KPIT Technologies, the Pune-based technology services firm, which is set to launch Revolo – India’s first plug-and-play hybrid system – also sees Elon Musk’s move as a step in building a community of companies which have an interest in building the global EV industry. Ravi Pandit, KPIT’s founder and chairman, feels that Musk’s decision is “a very sharp and intelligent move coming from a person who understands very well the value of intellectual property.” But Pandit is not jumping into Tesla’s ‘treasure trove’ of IPs because the problem statement for KPIT Technologies is different from Tesla’s.
His company is working on developing technologies for more efficient electric vehicles – battery or hydrogen fuel cell powered, for the mass market in countries like India and other similar markets. Tesla, in contrast, makes high-performance premium electric vehicles. “That is not to say that we will never look at their IPs. We will do it eventually but we have our own growth path (too),” says Pandit. To achieve its goals, KPIT Technologies could look at Tesla’s ‘treasure trove’ for technologies that fall in its interest areas such as battery chemistry and super capacitors.

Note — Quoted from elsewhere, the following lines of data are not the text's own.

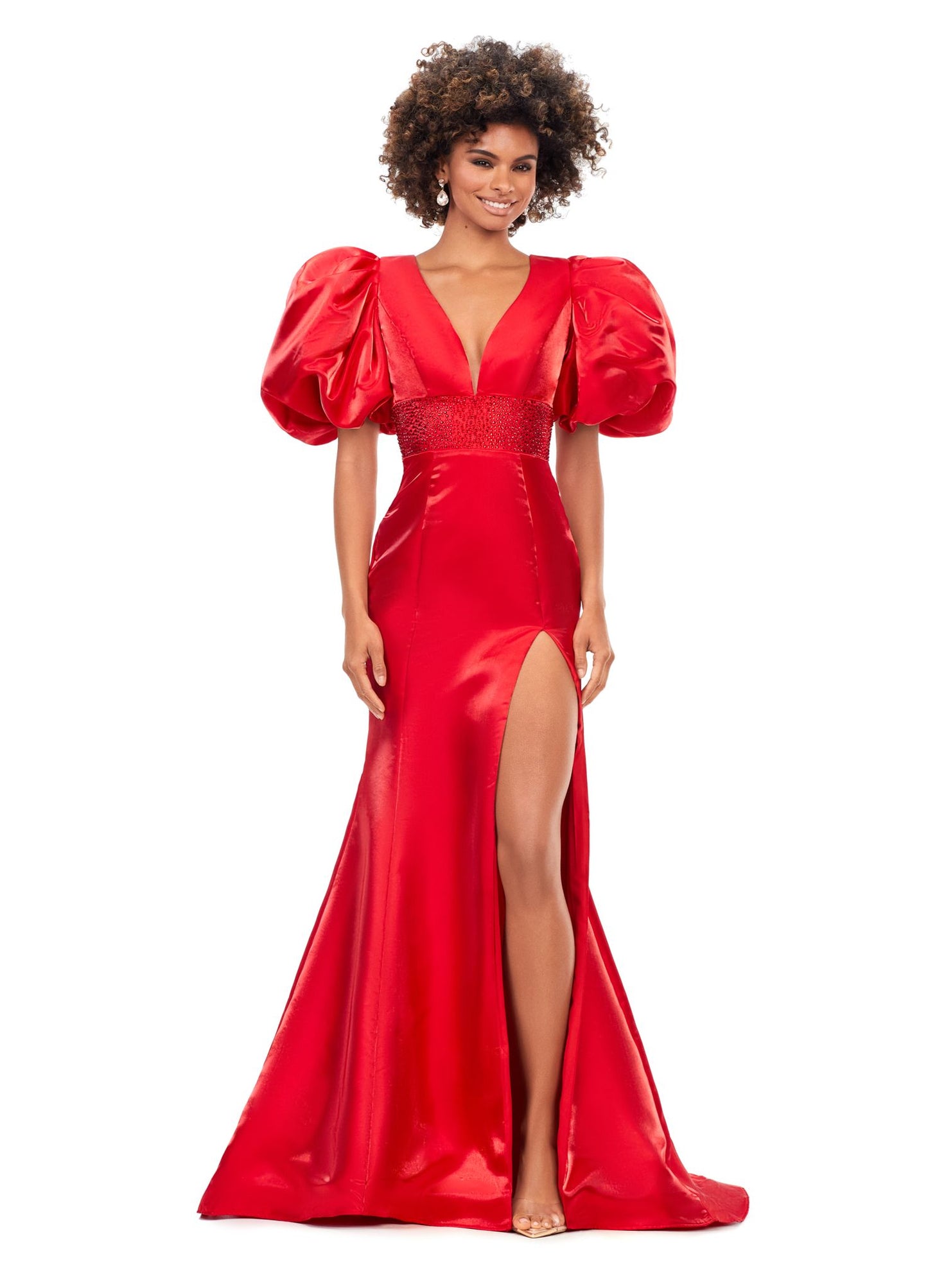 Ashley Lauren 11379 Shine in this v-neckline dress that features oversized puff sleeves. The waistband is embellished with scattered heat set stones and is complete with a lace-up back. V-Neckline Oversized Puff Sleeves Fitted Skirt Shimmer Satin COLORS: Aqua, Black, Red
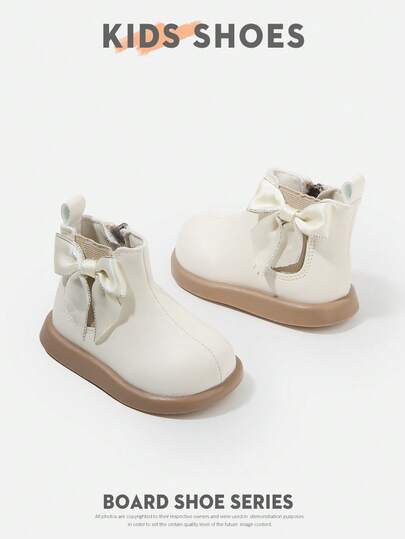 1双蝴蝶结装饰儿童鞋，采用皮革材质，圆头，短靴款式，侧拉链，无明显鞋跟，可爱甜美儿童休闲鞋，适合日常外出和聚会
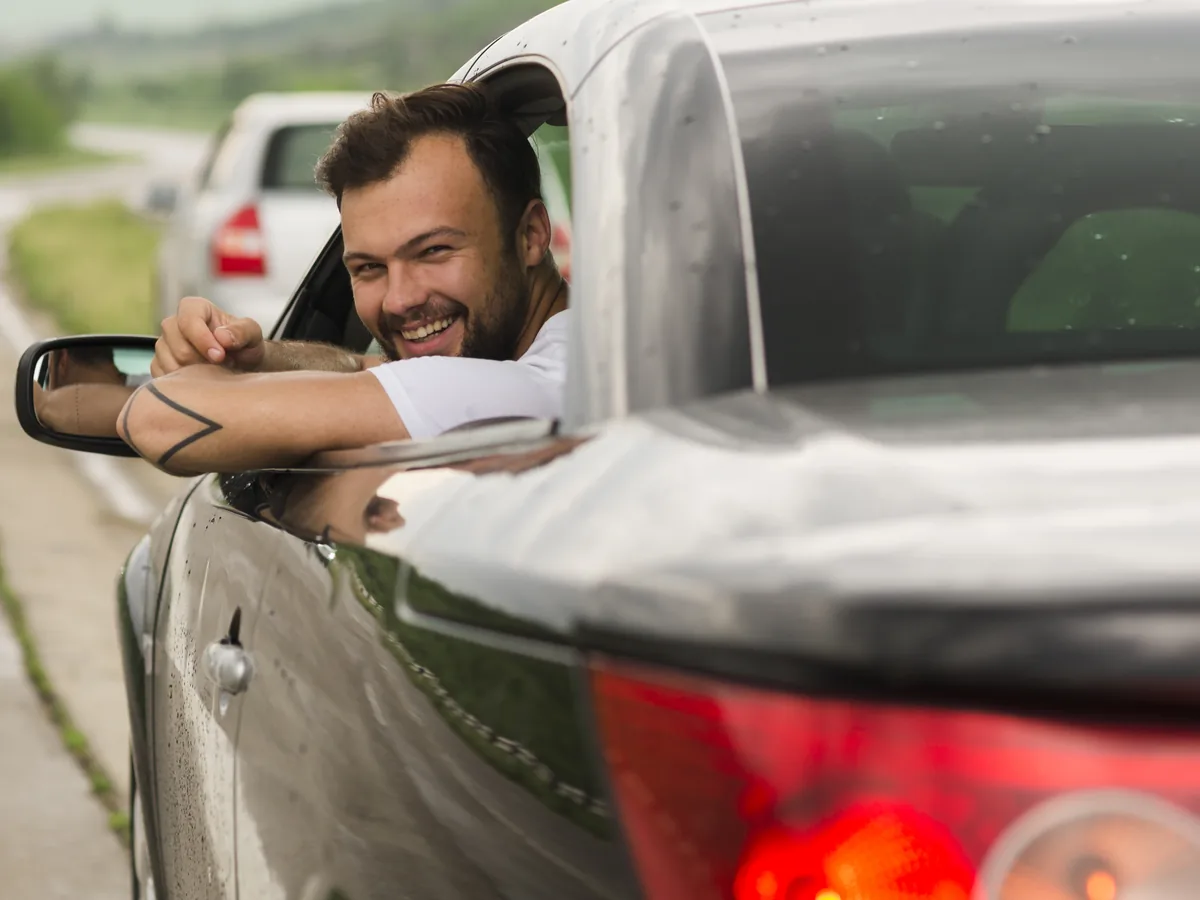 Mann lehnt entspannt aus dem Fenster seines Autos auf einer Landstraße, wieder mobil nach dem Verlust der Fahrerlaubnis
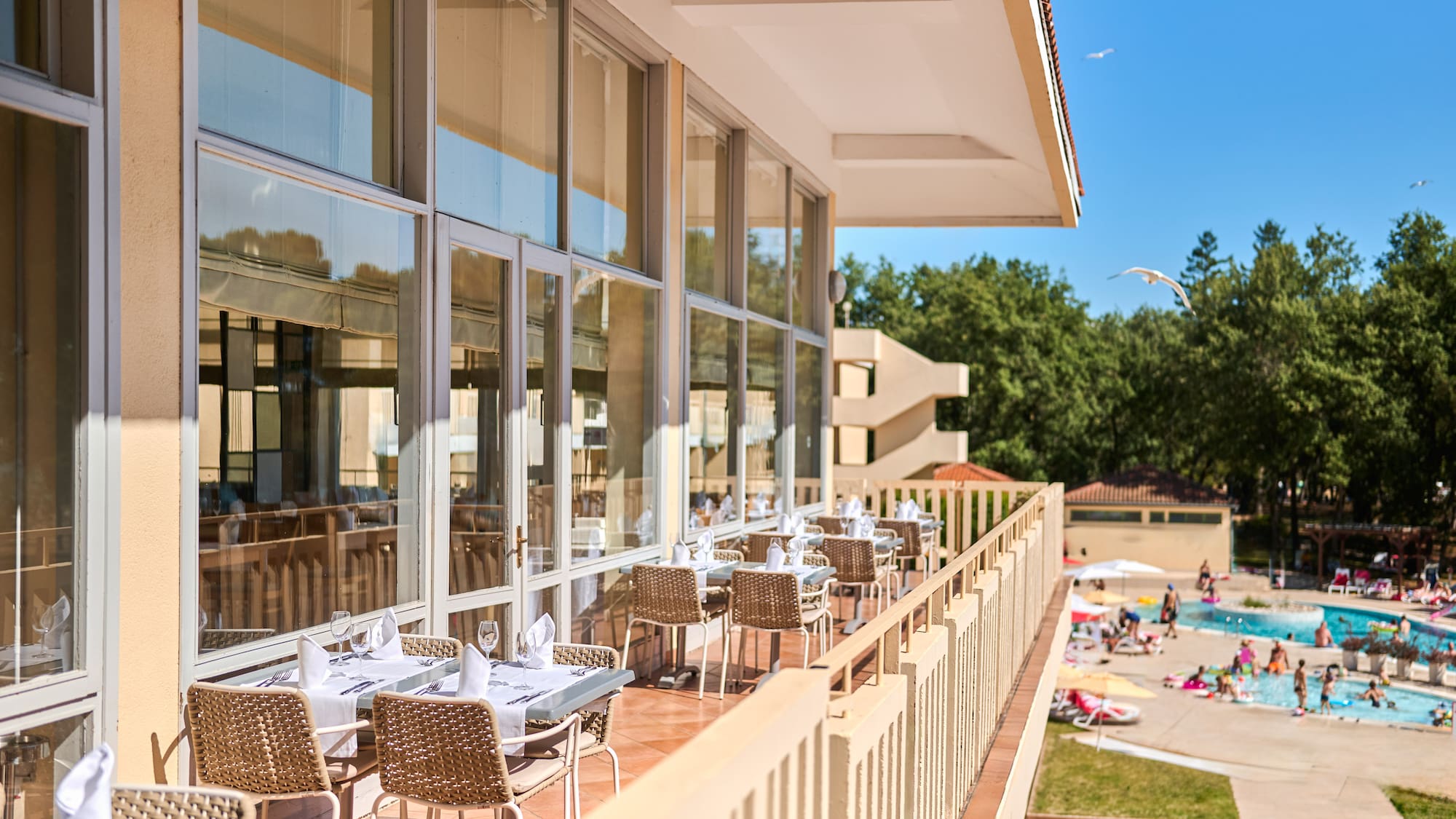 a restaurant with tables and chairs on a balcony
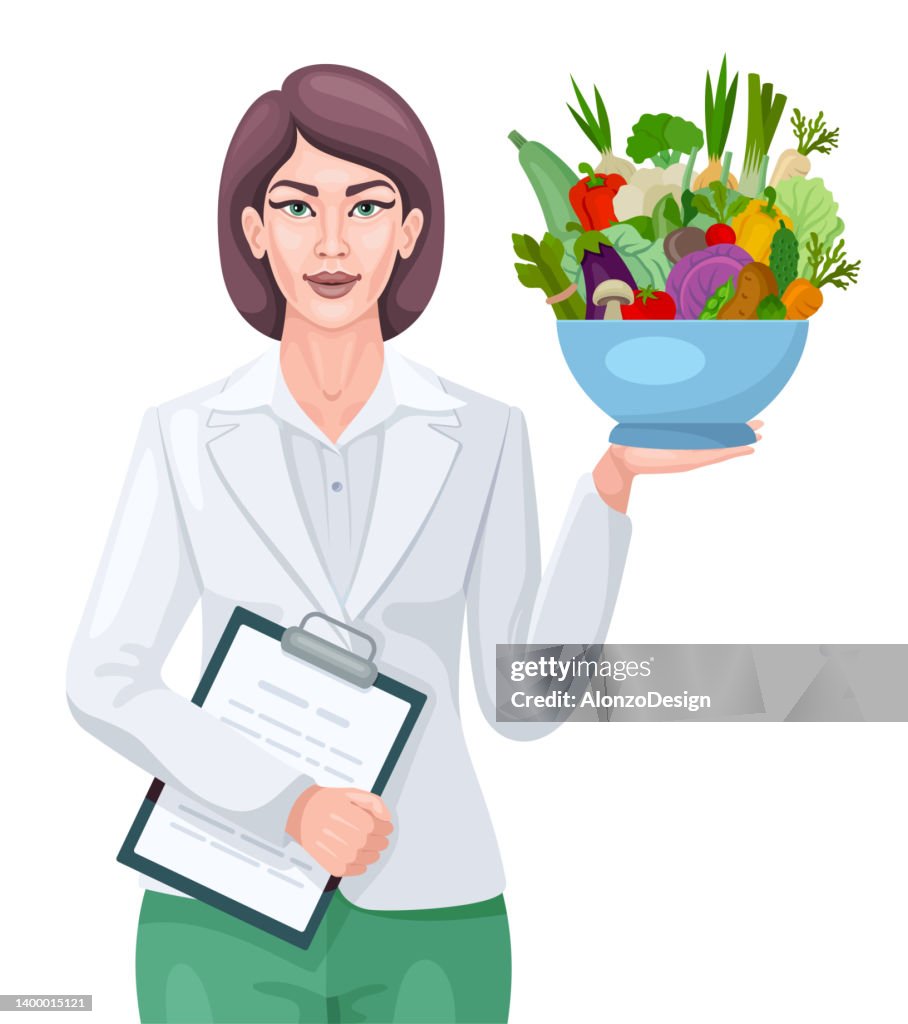 Nutritionist or dietician showing vegetables in a bowl.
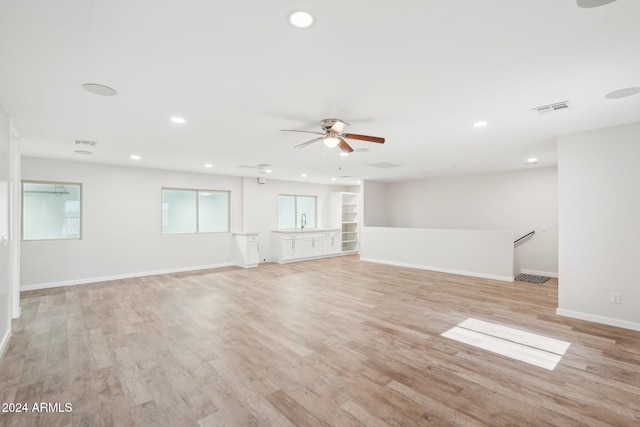 unfurnished living room with light wood-type flooring and ceiling fan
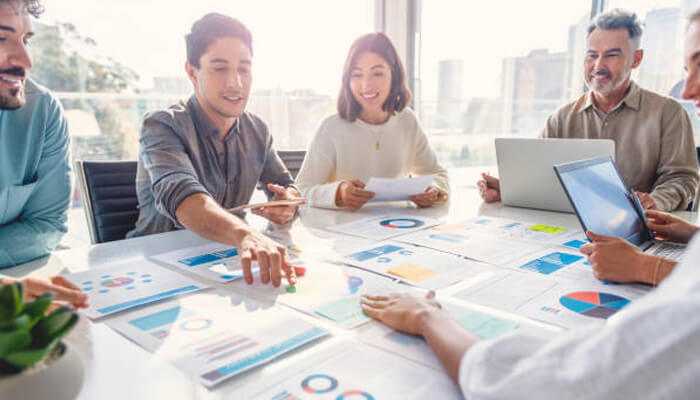 Strategic planning makes all the difference | tycoonstory media Team collaborating around a table covered with marketing charts and graphs, discussing the hidden costs of free marketing strategies.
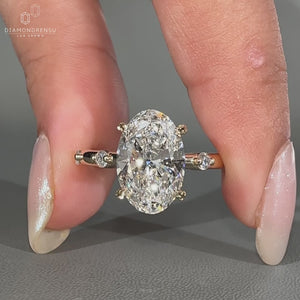 Gold Oval Engagement Ring featuring a leaf style prong setting.
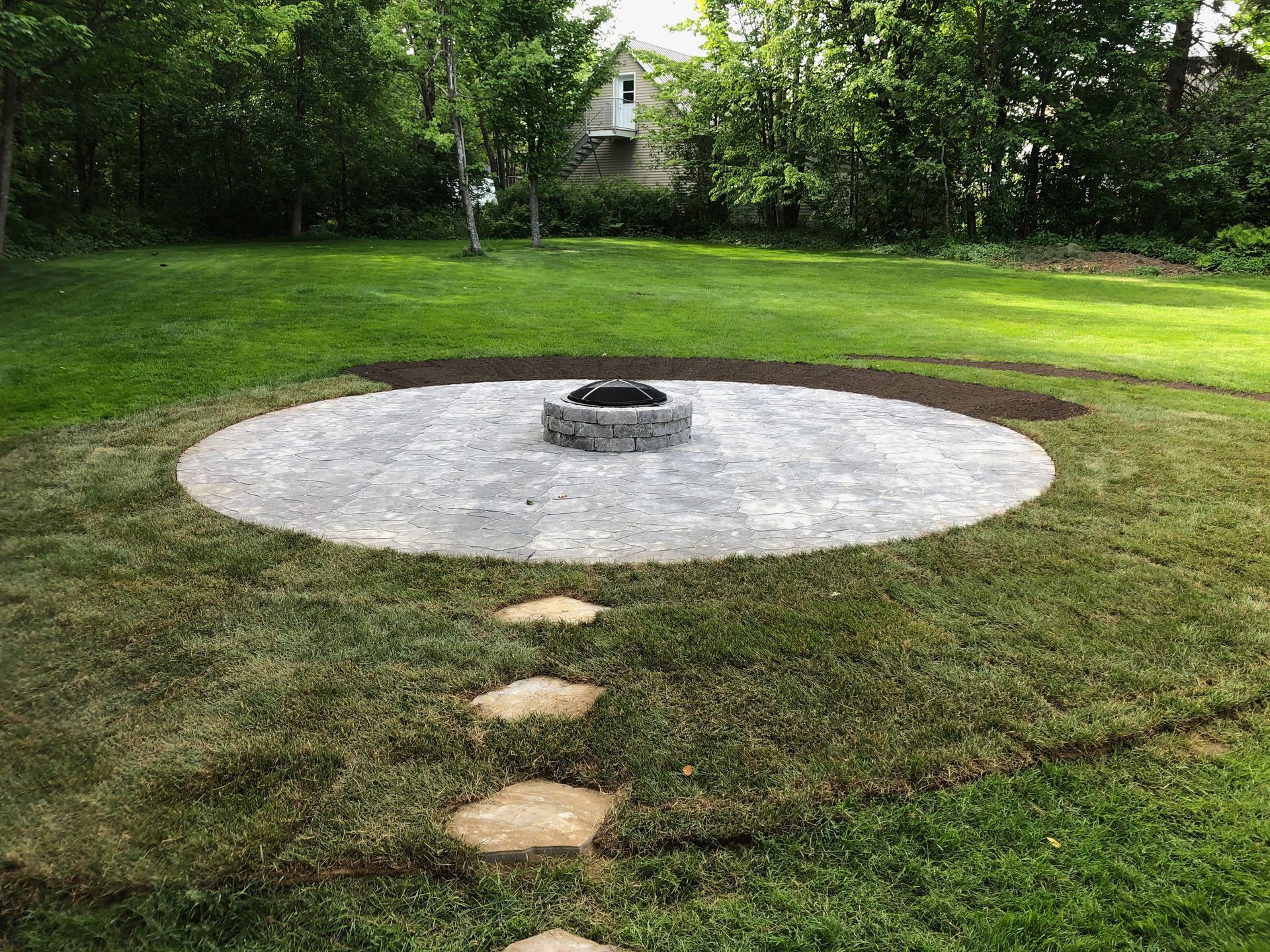 Un foyer est installé au milieu d'une pelouse verte luxuriante.
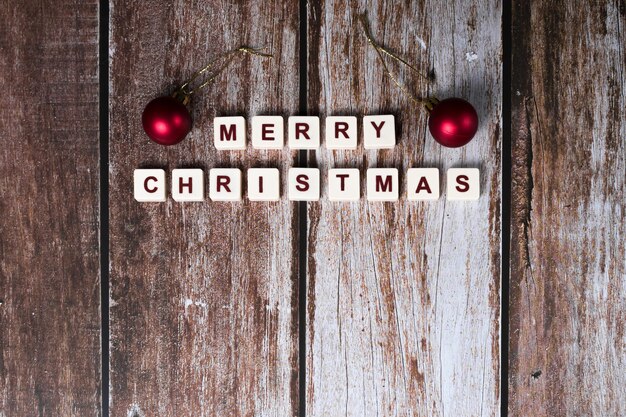 Merry Christmas written with letters of a game and Christmas ornaments on a wooden background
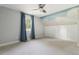 Bright bedroom featuring a ceiling fan, light gray walls, cloud mural, and a window with blue curtains at 3881 Zenobia St, Denver, CO 80212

“I think we all have to go electric,” says Pandit. It helps that KPIT Technologies’ VP – automotive technology, Toshimi Yamanoi, is a former official of Nissan’s technology development department. What Pandit and his team are working on is to address the issues of battery storage, its weight and also to identify a better option – hydrogen fuel cell powered electric or battery-powered electric.
TESLA OF ASIA?
Terra Motors, a leading Japanese electric two- and three-wheeler maker which wants to be the ‘Tesla of Asia’, too sees value in Tesla’s move. Toru Tokushige, co-founder and CEO, feels that free access to Tesla’s patents may help relatively small companies to develop EVs as it could reduce development costs.
However, Terra Motors may not be a major beneficiary as, in contrast to Tesla’s products, it is focusing on building vehicles meant for short distances and at a low cost. “Our approach for EV penetrations is to focus on the electric small vehicle such as two-wheelers and three-wheelers in South East Asia and South Asia. The electric small vehicle is not depending on the charging stations since the running distance is limited, and we can develop the mobility below the current gasoline two-wheeler price,” says Tokushige.
The initial responses from leading industry representatives in India and Japan indicate that Musk has won the brownie, or in this case, green points. His move could lead to the birth of an EV makers’ global club.
However, it is also to be noted that Musk’s announcement comes on the backdrop of a growing debate on whether battery-powered EV is the right bet or do hydrogen fuel cell- powered vehicles hold a better answer to sustainable mobility. Toyota, which had invested US$ 50 million when Tesla went public in 2010, is reportedly looking at an exit. The world’s largest carmaker seems to be betting more on hydrogen fuel cell-powered vehicle technology. Toyota, on June 25, announced that it will launch its hydrogen fuel cell sedan ‘before April 2015’ with a price tag of ‘approximately 7 million yen (excluding consumption tax)’.
Honda and Hyundai also seem to be betting more on hydrogen fuel cells. An official from Nissan, which sees a better rate of success in battery-powered EVs first, feels that the higher charging costs and lack of infrastructure work against fuel cell-powered vehicles as of now.
The debate continues as is the case with most new path-breaking developments. But if the Musk-led Tesla Motors strikes a deal or two with the likes of Nissan and BMW, he would succeed in strengthening the team in favour of battery-powered electric vehicles.